High school football players in states that follow preseason guidelines less likely to suffer from exertional heat illness
NEW ORLEANS – Easing into the often hot and humid preseason significantly reduces high school football players’ risk of suffering from potentially deadly exertional heat illness (EHI), suggests a first-of-its-kind study being presented today at the National Athletic Trainers’ Association (NATA) 69th Clinical Symposia & AT Expo. Athletes in states that followed preseason heat acclimatization guidelines for secondary school athletics developed by an NATA-spearheaded Inter-Association Task Force were 55 percent less likely to suffer from EHI, researchers found.
Heat stroke is the most serious form of EHI, which is the leading cause of death among U.S. high school athletes, according to the Centers for Disease Control and Prevention (CDC).
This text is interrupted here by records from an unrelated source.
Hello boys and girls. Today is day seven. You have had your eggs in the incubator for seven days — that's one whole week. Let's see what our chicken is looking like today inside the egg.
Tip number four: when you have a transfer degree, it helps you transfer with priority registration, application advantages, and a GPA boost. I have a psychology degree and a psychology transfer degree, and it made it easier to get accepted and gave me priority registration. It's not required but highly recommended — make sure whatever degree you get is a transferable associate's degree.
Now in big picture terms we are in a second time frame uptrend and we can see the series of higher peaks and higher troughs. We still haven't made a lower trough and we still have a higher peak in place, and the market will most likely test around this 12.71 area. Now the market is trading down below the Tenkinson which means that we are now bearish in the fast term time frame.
Heat stroke makes it difficult for an overheated body to cool down quickly, leading to seizures, coma and damage to organs.
The task force guidelines stress that athletes in all sports need to slowly acclimate during the first 14 days of the preseason (not counting days missed due to injury or planned rest) via: shorter practices, numerous rest breaks, keeping two-practice days to a minimum, requiring the presence of an athletic trainer during practice and games, and limiting and then slowly increasing the amount of equipment worn. Progressively adjusting to the heat is especially important during the first three to five days of summer practices, helping the athlete build up tolerance to the heat and improving exercise performance.
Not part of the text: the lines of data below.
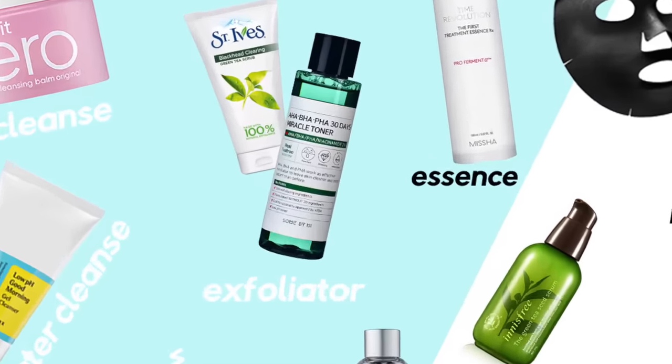Exfoliator will be our next step, used one to three times a week depending on your skin type and what your skin is saying to you. Exfoliators remove dead skin that makes your skin look clogged, dull, dry, and aged, and unclogs pores that can otherwise lead to blackheads, spots, breakouts, and enlarged pores. They generally just make your skin look a lot healthier and brighter.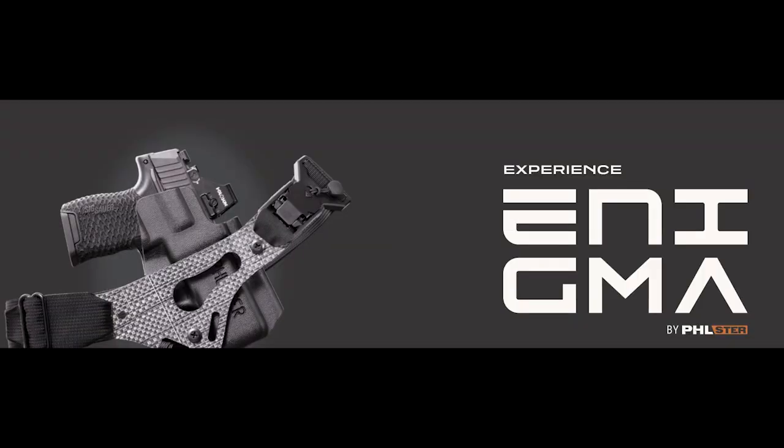Filster makes awesome holsters, but not only that, they also happen to be one of those companies that are trendsetters — a lot of their designs are emulated by other companies. Not only does Filster make holsters, but they also provide concealment systems like the Enigma and the Flex. They also have a lot of solutions when it comes to concealment solutions for medical. If you need a concealment first aid kit, they happen to sell them.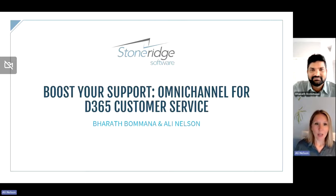But today we are here to talk about Omnichannel for customer service specifically. We are going to be highlighting how Omnichannel for customer service within Dynamics 365 can really help elevate the level of customer service that your organization provides.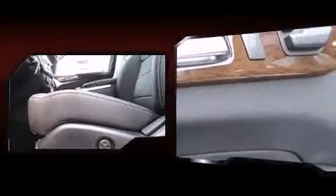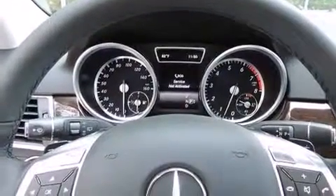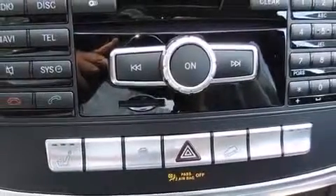Mercedes-Benz also prioritized safety and security by including head curtain airbags, front and side impact airbags, traction control, brake assist, anti-whiplash front head restraints, a security system, an emergency communication system, and four-wheel disc brakes with ABS. You'll never lose visibility with rain-sensing wipers, which activate automatically when the drops start to fall.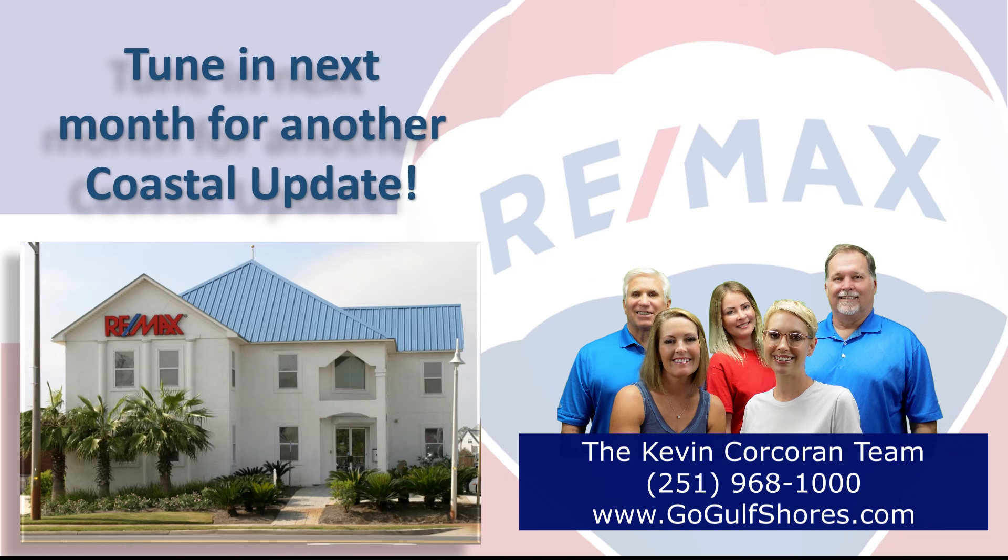If you're thinking about buying or selling here along the beautiful Alabama Gulf Coast, contact your local market experts on the Kevin Corcoran team at Remax of Gulf Shores so that they can help you with that decision. We make it our job to stay on top of the market so you can make the most informed decision possible.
“Doing high-exertion physical activity for hours in the blistering heat while wearing equipment after a summer off without a chance to adjust is too much too soon for high school football players,” said Zachary Kerr, PhD, MPH, assistant professor in the department of exercise and sport science at the University of North Carolina, Chapel Hill. “It can lead to catastrophic consequences that are preventable when we’re proactive.”
The first to assess the real-world effectiveness of the guidelines, the study analyzed an estimated 2.6 million “athlete exposures” in about 120,000 high school football players from 48 states over 12 years. Researchers compared EHI events in eight states that were fully compliant with task force guidelines to the 40 that weren’t. They identified 190 cases of EHI, none of which resulted in death. There were seven EHI events in full-compliance states for a rate of .04 per 1000 athlete exposures, compared to 183 EHI events in states that weren’t fully compliant for a rate of .07 per 1000 athlete exposures. Factoring in other issues such as August temperature variations, they determined that mandating the guidelines was associated with a 55 percent reduction in EHI rates.
The eight guidelines-compliant states are: Arizona, Connecticut, Iowa, Mississippi, North Carolina, New Jersey, Rhode Island and Utah. Another 20 states partially complied with the guidelines. Researchers determined partial compliance was beneficial, but the risk-reduction was strongest in states with full compliance.
Signs of EHI include symptoms of dehydration (such as dark-colored urine), dizziness, headache, nausea, vomiting and a temperature of 104 or above. When EHI is suspected, the athlete should be immediately cooled in cold water. If the athlete is treated within 30 minutes of collapse from EHI, particularly heat stroke, there is a 100 percent survival rate, said Kerr.
“The study’s findings are dramatic,” said Kerr. “Clearly, state high school athletic associations should mandate these guidelines and provide the support that schools, coaches, and athletic trainers need to properly implement them.”